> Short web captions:
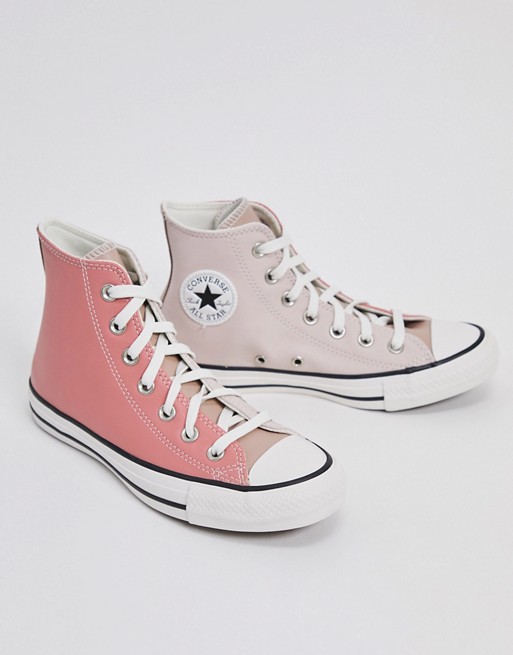 Converse Chuck Taylor All Star hi trainers in pink tones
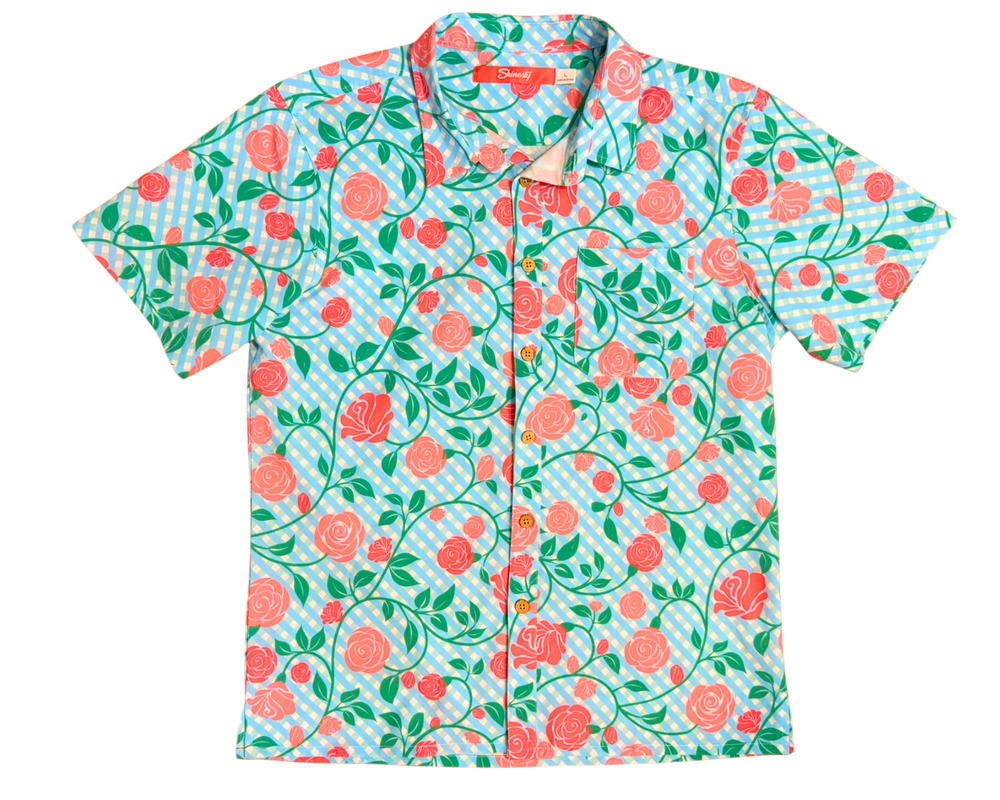 Shinesty Men's Sz L Button-Down Shirt Kentucky Fried Daily Double Derby Roses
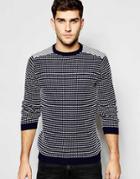 Asos Sweater With Contrast Back - Navy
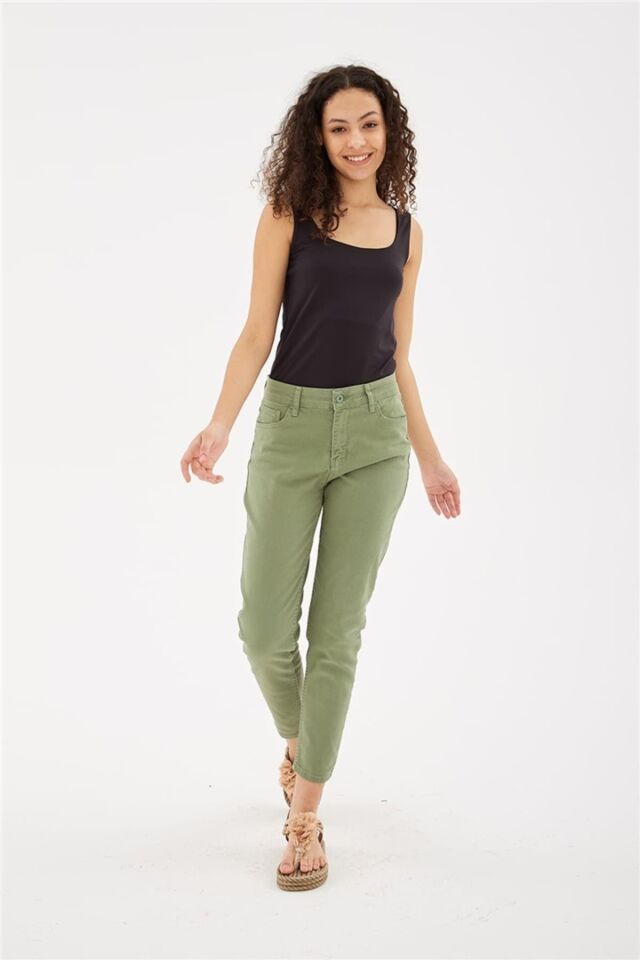 FASHION FRIENDS KADIN MOM PANTOLON 23Y-PNT0534K1 YEŞİL - 34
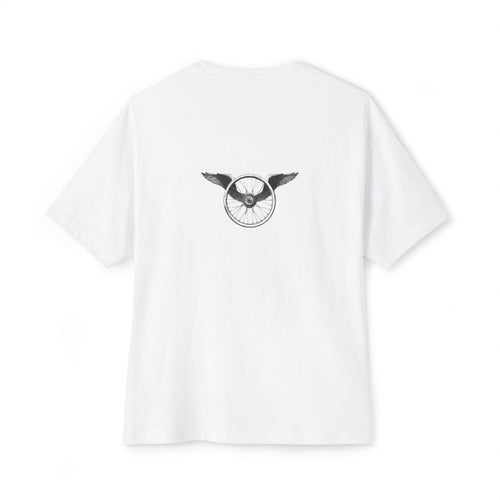 Winged Wheel oversized boxy tee — back print, White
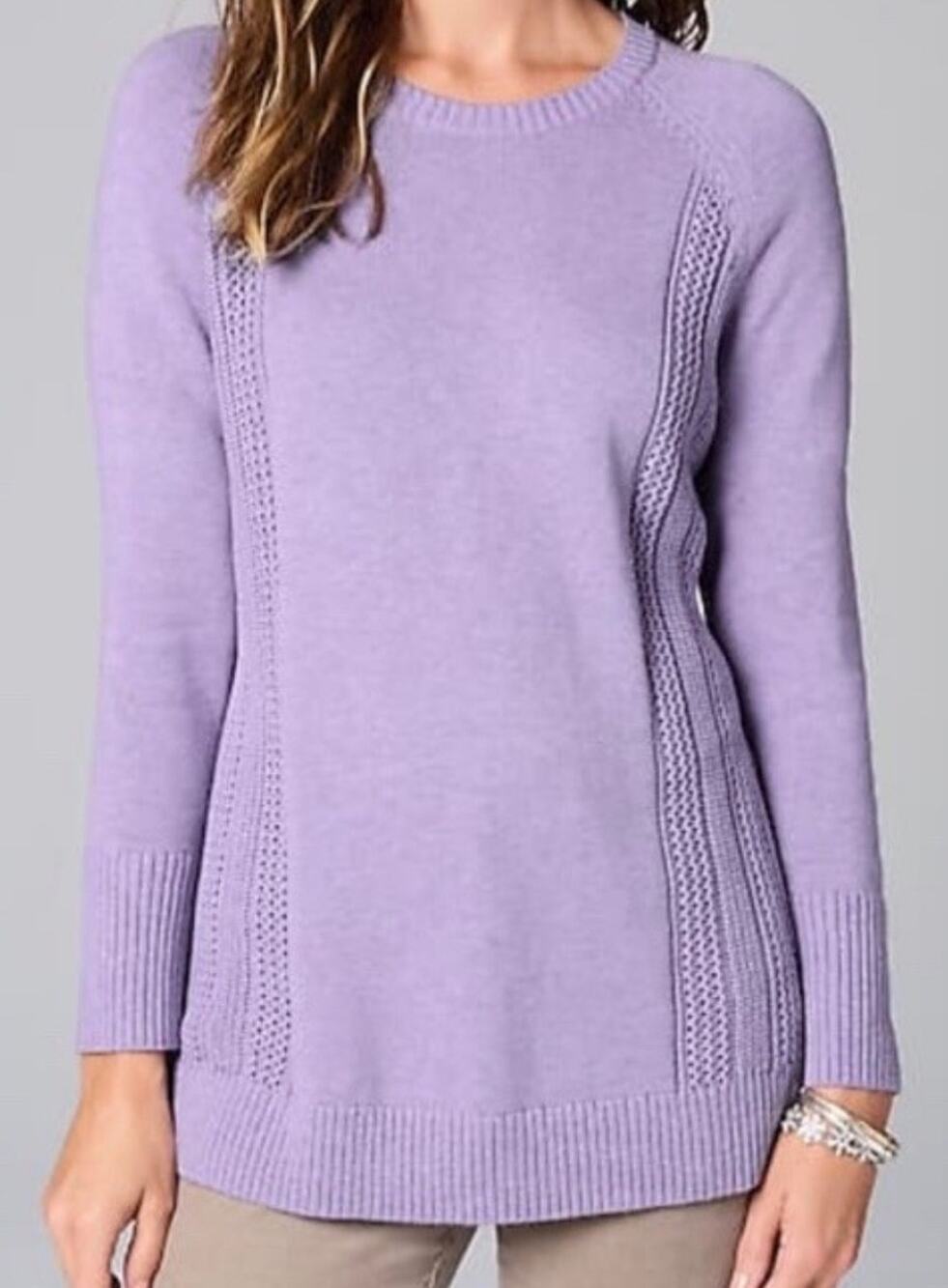 J. Jill Textured-Sides Crew Neck Sweater Winterberry lilac Large A010927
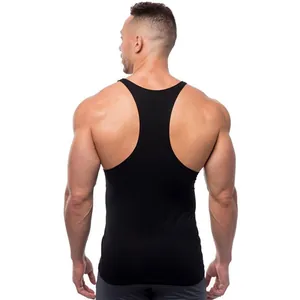 Back view of a men's black y-back fitness tank top shown on a muscular male model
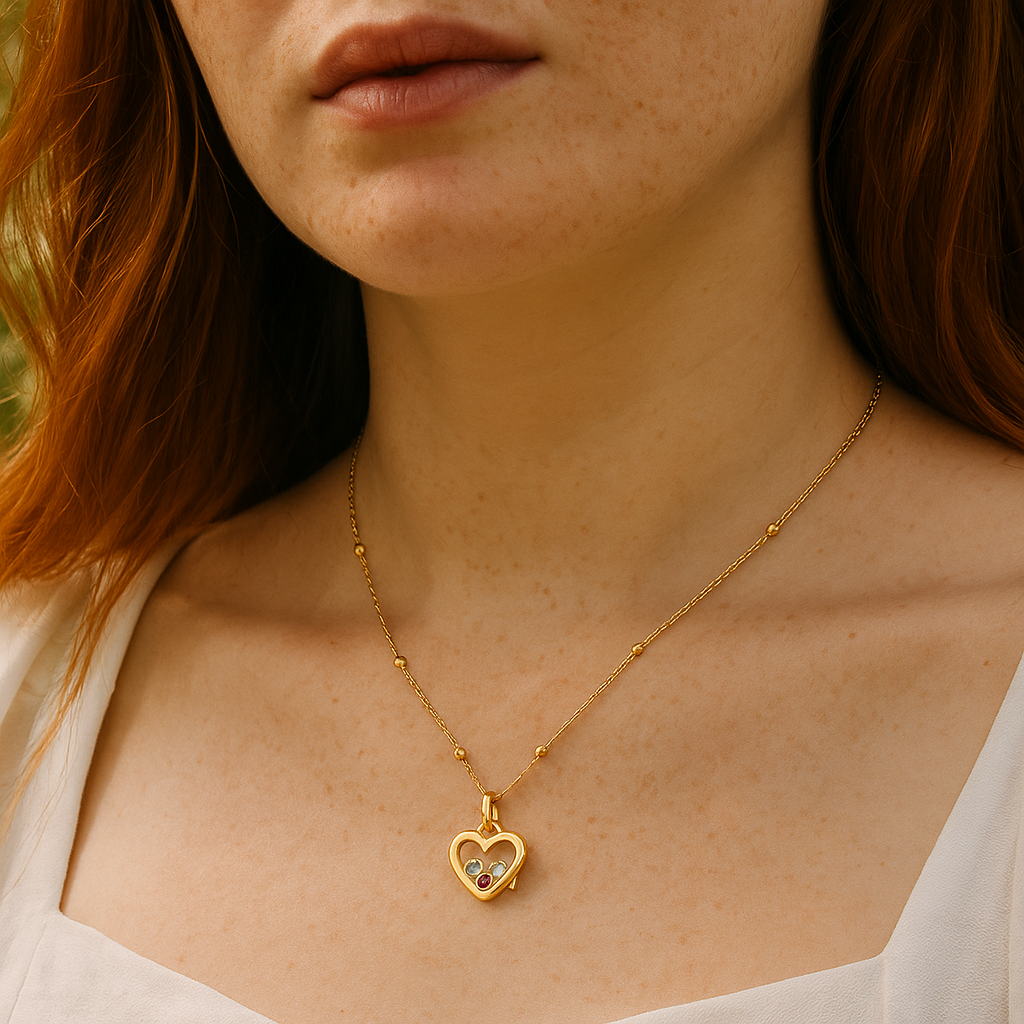 floating heart birthstone necklace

> WHAT YOU SHOULD DO: Repeat only the lines between the top of the entries above and the line containing "J. Jill Textured-Sides", both ends included, without the pictures.

> FINISHED TASK:
 Converse Chuck Taylor All Star hi trainers in pink tones
 Shinesty Men's Sz L Button-Down Shirt Kentucky Fried Daily Double Derby Roses
 Asos Sweater With Contrast Back - Navy
 FASHION FRIENDS KADIN MOM PANTOLON 23Y-PNT0534K1 YEŞİL - 34
 Winged Wheel oversized boxy tee — back print, White
 J. Jill Textured-Sides Crew Neck Sweater Winterberry lilac Large A010927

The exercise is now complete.